L’exclusion comme stratégie politique

Depuis la conférence des donateurs à Bruxelles en 2016, qui visait à mobiliser plus de 3 000 milliards de dollars pour la reconstruction du pays, l’élan d’unité nationale s’est étiolé. Le régime a progressivement instauré une politique d’exclusion : société civile marginalisée, opposants politiques discrédités, et dialogue national vidé de sa substance par la sélection de participants complaisants.

Le point de rupture fut la signature de l’Accord de Khartoum, perçu par beaucoup comme une manœuvre du pouvoir pour légitimer certains groupes armés et éviter de traiter avec l’Opposition démocratique légitime. L’adoption contestée d’une nouvelle constitution par voie référendaire et les ambitions affichées d’un troisième mandat, ont accentué les tensions internes.
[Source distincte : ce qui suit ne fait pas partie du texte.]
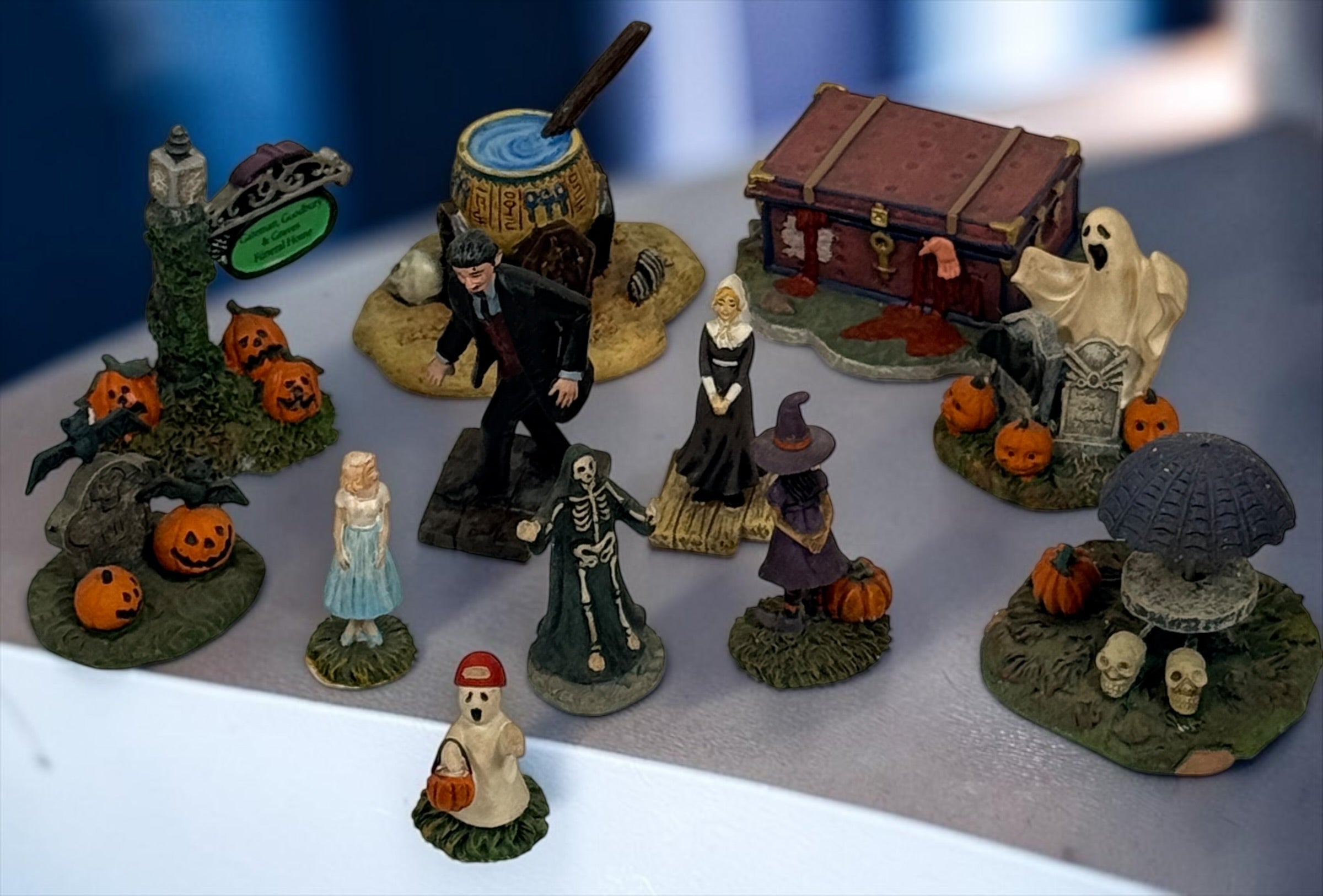 Hawthorne Village The Munsters Halloween Village 12-piece resin accessory lot with figures, pumpkins, ghosts, witch, cauldron and graveyard scenes.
Face à la pression grandissante pour un dialogue politique crédible, l’opposition et plusieurs organisations internationales ont plaidé pour une médiation internationale. Mais le pouvoir de Bangui s’y oppose fermement. Selon les observateurs, cette réticence repose sur trois raisons principales :

Contrôle total du processus : Le gouvernement souhaite maîtriser le dialogue de bout en bout du choix des thèmes aux participants, en passant par le calendrier et le lieu. Une médiation indépendante limiterait cette mainmise.

Crainte d’un arbitrage impartial : Le régime redoute qu’un médiateur étranger favorise des compromis au détriment de son maintien au pouvoir. L’Opposition démocratique pourrait bénéficier d’une meilleure visibilité sur la scène nationale et internationale.

Souveraineté en question : Enfin, le pouvoir invoque le spectre d’une ingérence étrangère. Pour Touadéra et son entourage, la médiation internationale représenterait une perte d’indépendance et un risque d’imposition de décisions extérieures.

Les vertus ignorées de la médiation

Pourtant, la médiation internationale ne manque pas d’atouts. Elle est garante de transparence, de neutralité et d’une crédibilité accrue du processus. Elle permet aussi de faire pression pour le respect des normes démocratiques internationales : non-violation des constitutions, respect de l’alternance au pouvoir, et rejet des manipulations institutionnelles.

En refusant cette option, le pouvoir laisse planer le doute sur ses véritables intentions. Comme le souligne Bernard Selemby Doudou, juriste et administrateur électoral : « Refuser la médiation internationale suppose que le pouvoir de Bangui a des agendas cachés qu’il veut imposer. »

L’auteur va jusqu’à lancer une mise en garde : en Afrique sub-saharienne, le troisième mandat présidentiel est souvent plus meurtrier qu’un coup d’État. Ce parallèle illustre l’ampleur du danger : persister dans cette voie pourrait mener à une crise grave, voire à un soulèvement populaire.

À un moment charnière de son histoire, le Centrafrique se trouve à la croisée des chemins. En refusant la médiation internationale, le pouvoir de Bangui hypothèque la réussite d’un dialogue politique sincère et inclusif. La stabilité du pays est en jeu, et seule une ouverture réelle vers une médiation crédible pourrait ramener la confiance entre les acteurs politiques et éviter le retour au chaos.